This is the codification used in the ACM Journal on Autonomous Transportation Systems (Special Issue on Cybersecurity and Resiliency for Transportation Cyber-Physical Systems) paper proposing RAMPART framework as a novel defense method against adversarial poisoning attacks in cooperative multiagent reinforcement learning (CMARL) algorithms in autonomous transportation. You are free to use all or part of the codes here presented for any purpose, provided that the paper is properly cited and the original authors properly credited. All the files here shared come with no warranties.

This project was built on Python 3.8. All the experiments are executed in the private payload delivery network (PPD) architecture, we included the version we used in the Main/PP_environment folder. For the graph generation code you will need to install Jupyter Notebook (http://jupyter.readthedocs.io/en/latest/install.html).

Abstract

In the field of multi-agent autonomous transportation, such as automated payload delivery or highway on-ramp merging, agents routinely exchange knowledge to optimize their shared objective and adapt to environmental novelties through Cooperative Multi-Agent Reinforcement Learning (CMARL) algorithms.
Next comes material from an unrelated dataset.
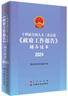 十四屆全國人大二次會(huì )議《政府工作報告》輔導讀本 曬單實(shí)拍圖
This knowledge exchange between agents allows these systems to operate efficiently and adapt to dynamic environments. However, this cooperative learning process is susceptible to adversarial poisoning attacks, as highlighted by contemporary research. Particularly, the poisoning attacks where malicious agents inject deceptive information camouflaged within the differential noise, a pivotal element for differential privacy (DP)-based CMARL algorithms, pose formidable challenges to identify and overcome. The consequences of not addressing this issue are far-reaching, potentially jeopardizing safety-critical operations and the integrity of data privacy in these applications. Existing research has strived to develop anomaly detection-based defense models to counteract conventional poisoning methods. Nonetheless, the recurring necessity for model offloading and retraining with labeled anomalous data undermines their practicality, considering the inherently dynamic nature of the safety-critical autonomous transportation applications. Further, it is imperative to maintain data privacy, ensure high performance, and adapt to environmental changes. Motivated by these challenges, this paper introduces a novel defense mechanism against stealthy adversarial poisoning attacks in the autonomous transportation domain, termed Reinforcing Autonomous Multi-agent Protection through Adversarial Resistance in Transportation (RAMPART). Leveraging a GAN model at each local node, RAMPART effectively filters out malicious advice in an unsupervised manner, whilst generating synthetic samples for each state-action pair to accommodate environmental uncertainties and eliminate the need for labeled training data. Our extensive experimental analysis, conducted in a Private Payload Delivery Network (PPDN) —a common application in the autonomous multi-agent transportation domain—demonstrates that \textbf{RAMPART successfully defends against a DP-exploited poisoning attack with a $30%$ attack ratio, achieving an F1 score of $0.852$ and accuracy of $96.3%$ in heavy-traffic environments}.

Files

The folder Main contains our implementation of all algorithms and experiments

The folder Main/PP_environment contains the PPDN environment we used for experiments

Finally, the folder ProcessedFiles contains already processed files for graph printing and data visualization

How to use

First, install python 3.8 from https://www.python.org/downloads/release/python-380/
Then open up your command terminal/prompt to run the following commands sequentially

  1. python RandomInit.py G N O E L Nw
  2. python RAMPART_main.py G N O E L Nw Ap D S M Et gl ge gE gaD

where,
G: Grid Height and Width (N x N)
N: number of agents
O: number of obstacles
E: Total Episode
L: number of times the code will run as a loop
Nw: Neighbor weights [0,1]

Ap: Attack Percentage [0,100]
D: Display environment [on, off]
S: Sleep (sec)
M: Play mode [random, static]
Et: Environment type [low, medium, heavy]
gl: GAN loss threshold [0,1]
ge: GAN training epoch
gE: GAN training Episode
gaD: GAN anomaly detection threshold [0,1]


Example:
python RandomInit.py 15 20 5 2000 10 0.90
python RAMPART_main.py 15 20 5 2000 10 0.90 20 on 2 random heavy 0.95 1000 100 0.8



However, it might take a long time until all the experiments are completed. It may be of interest to run more than one algorithm at the same time if you have enough computing power. Also, note that, for each framework, if the AVs do not attain goal within (GridSize*100) steps in a particular episode, the episode and environment will be reset to the next.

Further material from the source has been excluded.